Vote affirmative on consequential LA amendments

All four, including the most consequential in decades, amendments to the Louisiana Constitution on the Mar. 29 ballot deserve voter approval. Let’s see why.

#1 – would clarify disciplining of out-of-state lawyers and creation of multi-parish specialty courts. Essentially, a loophole exists that inhibits disciplining this cohort for some matters, which the change would close. Specialty courts, existing presently in areas such as drug cases, family matters, and for veterans, are confined to the 64 parishes or 42 judicial districts. Proponents say a regional approach could help in matters such as these and for potentially new kinds of courts, such as a business court seen in the majority of states. This would have the disadvantage of adding more elected judges in a state that seats a surplus of judges, but on the whole there are more plusses than minuses.
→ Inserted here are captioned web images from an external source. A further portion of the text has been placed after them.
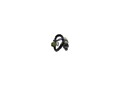 BOSCH Lambdasonde Sensor Abgassteuerung 0 258 003 193 für ROVER 600 FREELANDER 1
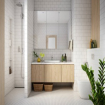 8 Split Bathroom Designs Ideas to Enhance Your Home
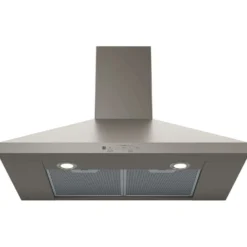 GE Hotte Cheminée Ardoise 30" , 350 PI3/MIN-JVW5301EJESC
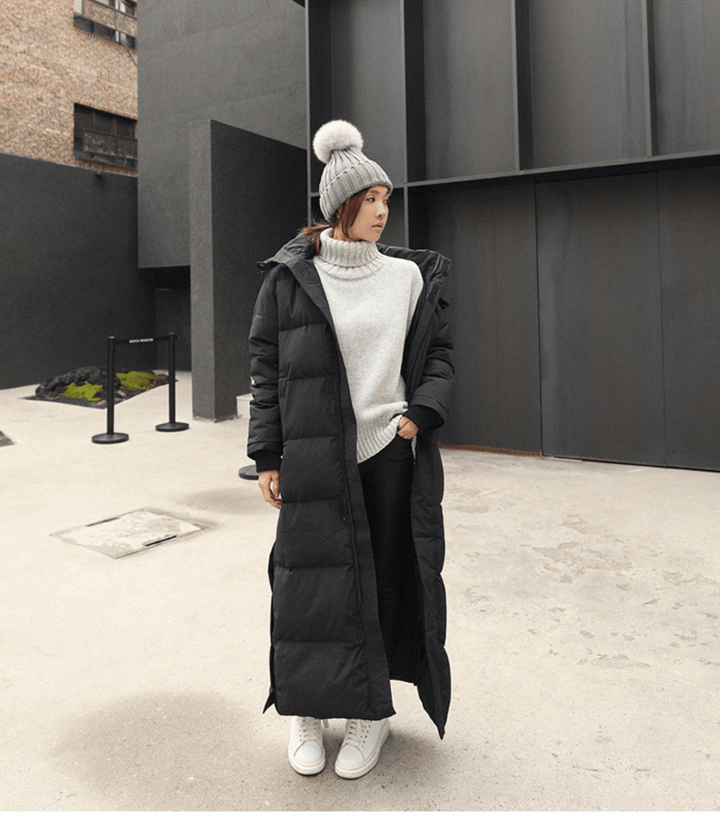 Stilla | Overdimensioneret Dame Vinter Parka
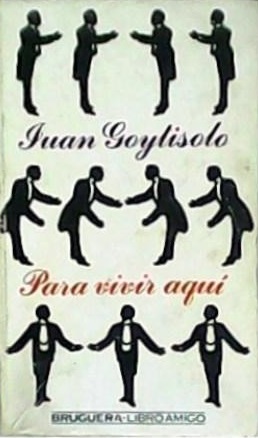 Para vivir aqui book cover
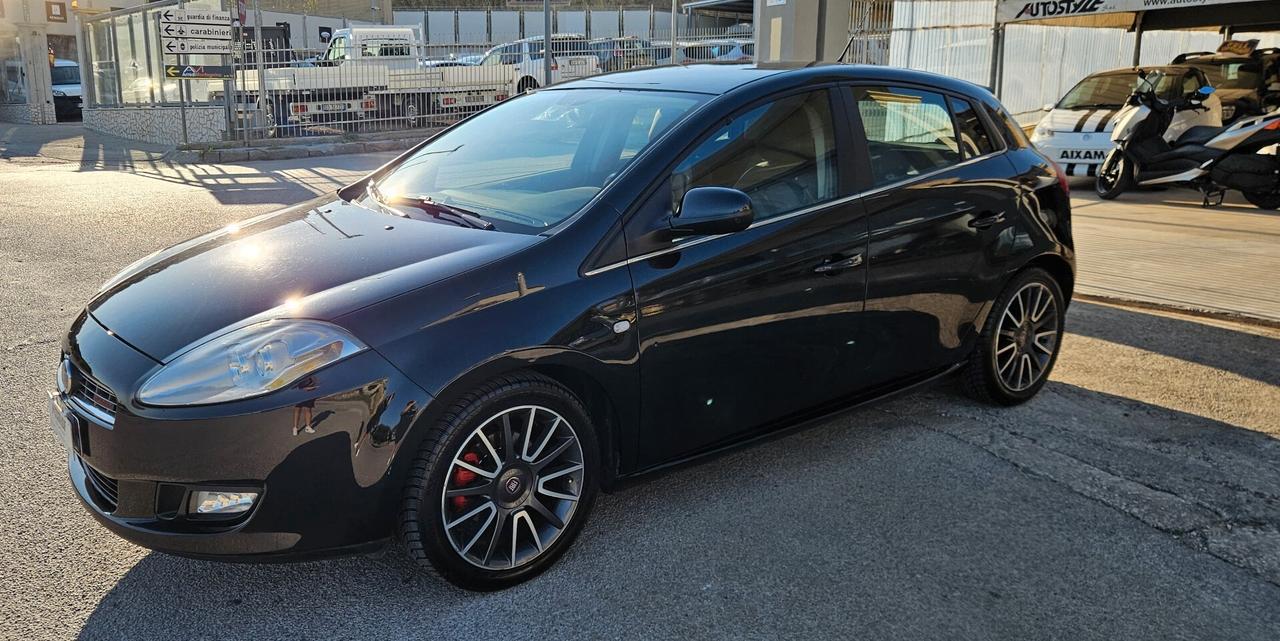 Fiat Bravo 1.9 MJT 150 CV Emotion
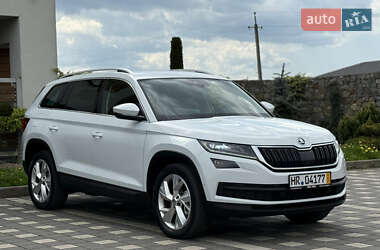 Позашляховик / Кросовер Skoda Kodiaq 2017 в 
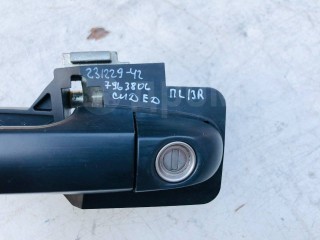 Ручка двери наружная, ориг. номер 826551H000, 826511H000, 826522H000, 601020034401P, P200194L, P200065L, Kia Ceed ED 2006-2010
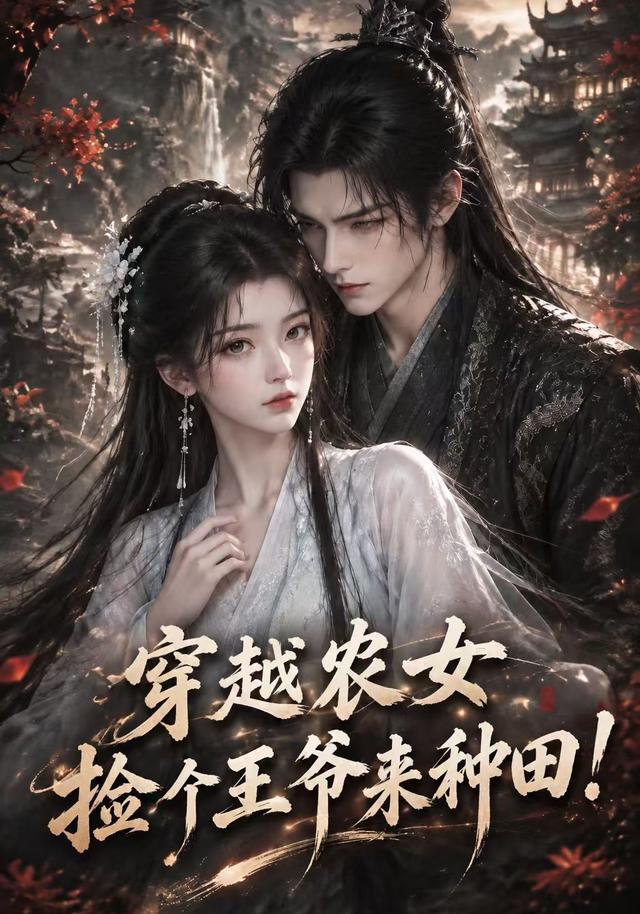 穿越农女捡个王爷来种田！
YES.

#2 – would reduce the maximum rate of income tax, double income tax deductions for residents age 65 or older, slow down a governmental growth limit, merge significant constitutional funds while moving lesser ones into statute, give parishes more severance tax dollars, provide incentive to prevent state taxpayers from subsidizing local taxpayers, move some tax breaks into statute, and prompt a salary increase for teachers while paring unfunded mandates, among other items. Lengthy and complex, it serves as the linchpin to fiscal reforms enacted by the Legislature last year.

6.3.25

Bin unserious proposed NIL tax break bill

A bill contemplated by Republican state Rep. Dixon McMakin makes no fiscal sense and only subverts the purpose of higher education in Louisiana.

The bill in concept would exempt from state income tax earnings that college students receive from Name, Image, and Likeness deals in athletics. Individuals may negotiate these or another organization, such as a school, may do so on behalf of all its eligible students.
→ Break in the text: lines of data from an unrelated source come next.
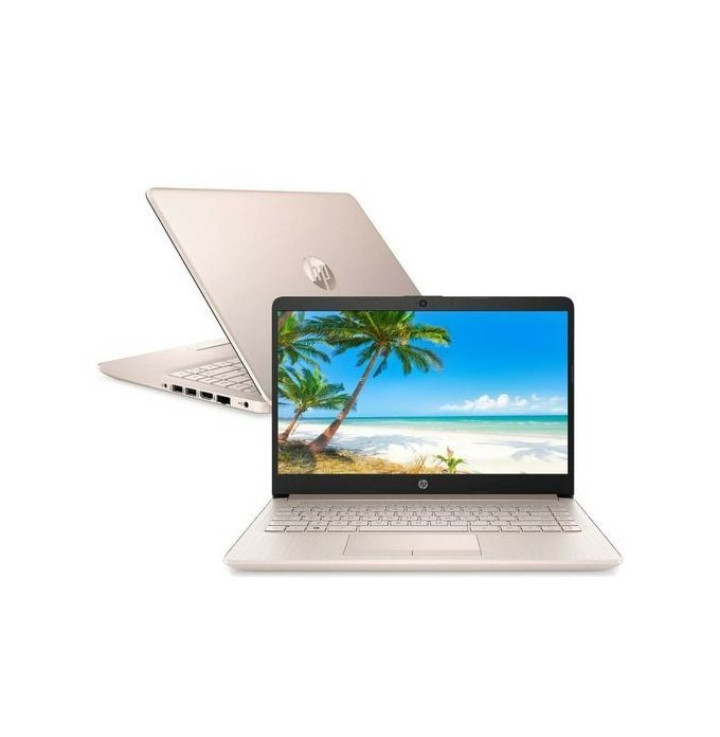 Hp Notebook 14 Intel Celeron 8GB RAM, 256 SSD, Windows 10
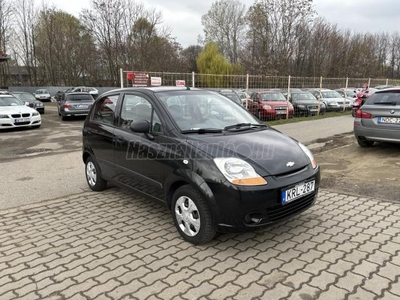 CHEVROLET SPARK 0.8 6V Plus AC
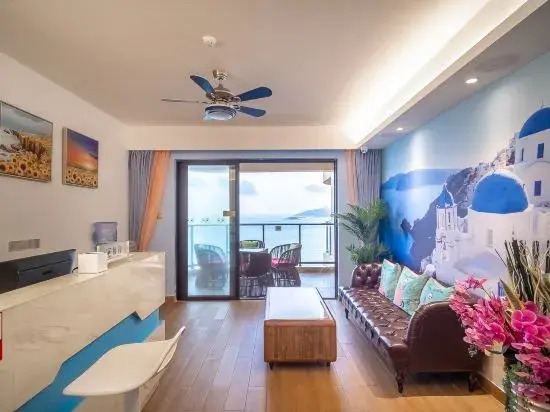 Huidong Shuangyuewan Xindi Donghai Holiday Apartment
Dollar figures for these are generally not public, and they can be substantial. Publicized have been deals by Louisiana State University gymnast Livvy Dunne who, despite modest athletic credentials, has one of the most lucrative set of NIL deals due to her superior marketing skills, estimated in the neighborhood of at least $4 million annually. Regardless, given the state’s income tax rates, such an exemption may not even cost the state eight figures annually.